- **Exercise objective**
Extract the text of every entry below exactly; leave images out.

[Data records — start]

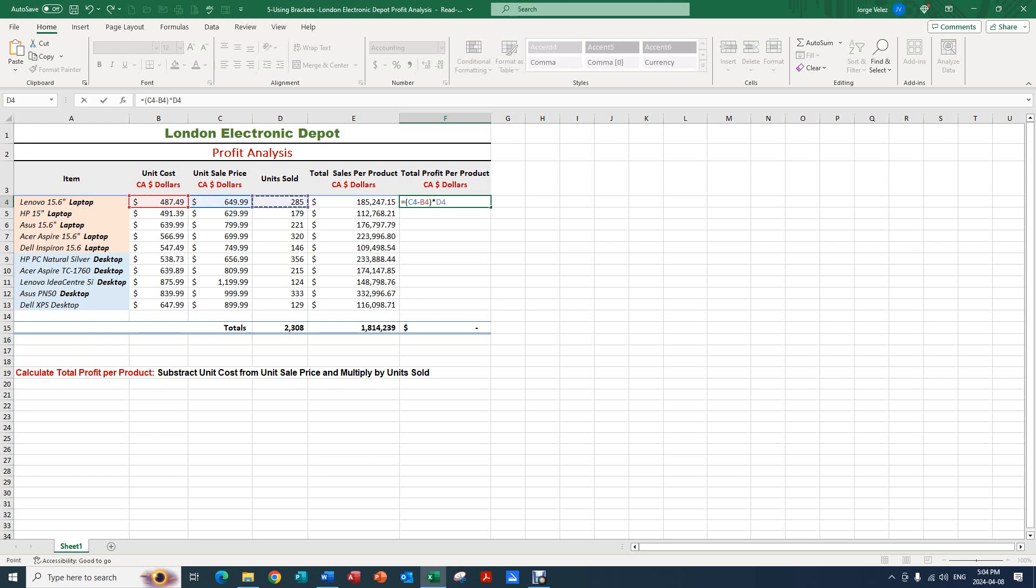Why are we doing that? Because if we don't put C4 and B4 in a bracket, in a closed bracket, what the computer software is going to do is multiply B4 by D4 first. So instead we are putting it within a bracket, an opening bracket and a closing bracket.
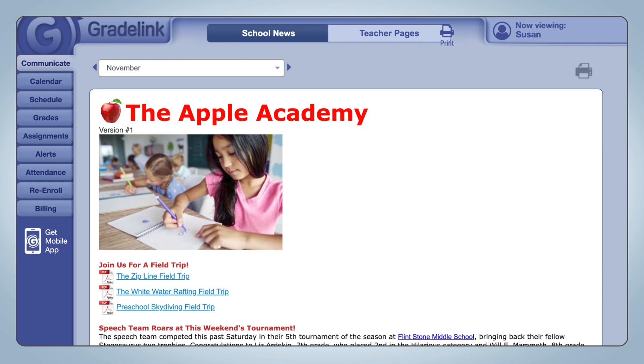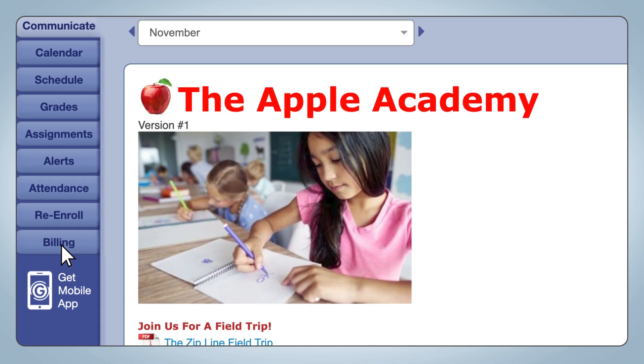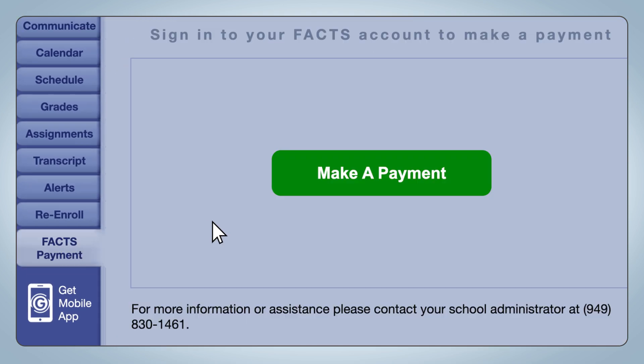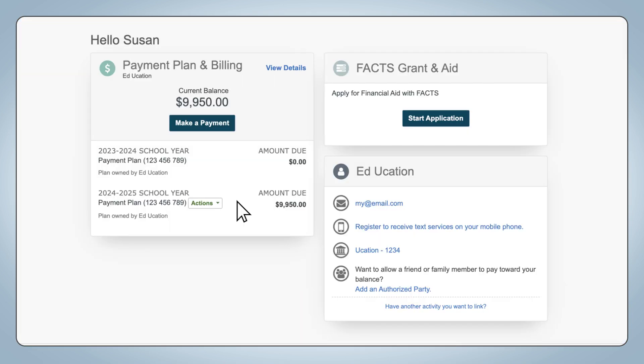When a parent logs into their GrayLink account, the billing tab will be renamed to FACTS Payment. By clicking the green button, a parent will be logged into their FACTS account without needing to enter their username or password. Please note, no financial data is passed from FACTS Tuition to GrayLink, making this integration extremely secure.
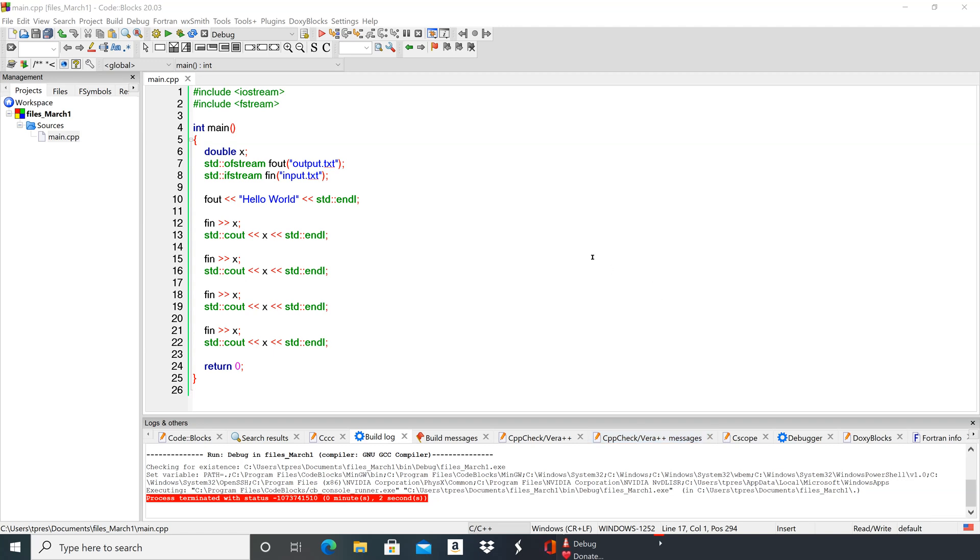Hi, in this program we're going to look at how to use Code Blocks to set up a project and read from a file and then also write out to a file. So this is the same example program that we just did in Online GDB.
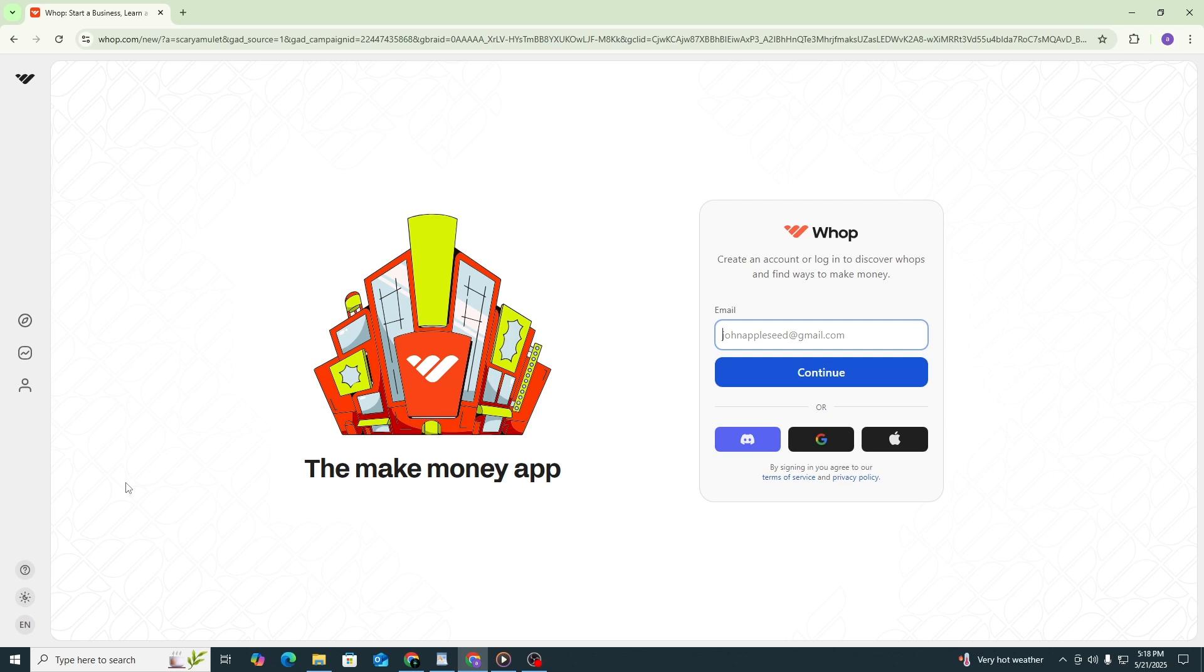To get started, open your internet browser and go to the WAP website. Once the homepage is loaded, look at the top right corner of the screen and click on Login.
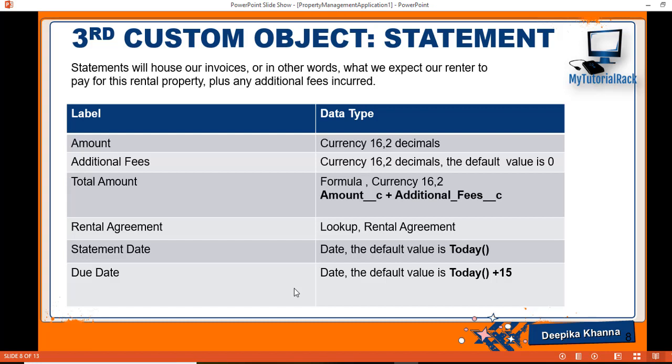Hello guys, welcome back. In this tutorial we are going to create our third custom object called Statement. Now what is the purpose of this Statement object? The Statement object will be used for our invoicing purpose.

[Data records — finish]

- **Task solution**
Why are we doing that? Because if we don't put C4 and B4 in a bracket, in a closed bracket, what the computer software is going to do is multiply B4 by D4 first. So instead we are putting it within a bracket, an opening bracket and a closing bracket.
When a parent logs into their GrayLink account, the billing tab will be renamed to FACTS Payment. By clicking the green button, a parent will be logged into their FACTS account without needing to enter their username or password. Please note, no financial data is passed from FACTS Tuition to GrayLink, making this integration extremely secure.
Hi, in this program we're going to look at how to use Code Blocks to set up a project and read from a file and then also write out to a file. So this is the same example program that we just did in Online GDB.
To get started, open your internet browser and go to the WAP website. Once the homepage is loaded, look at the top right corner of the screen and click on Login.
Hello guys, welcome back. In this tutorial we are going to create our third custom object called Statement. Now what is the purpose of this Statement object? The Statement object will be used for our invoicing purpose.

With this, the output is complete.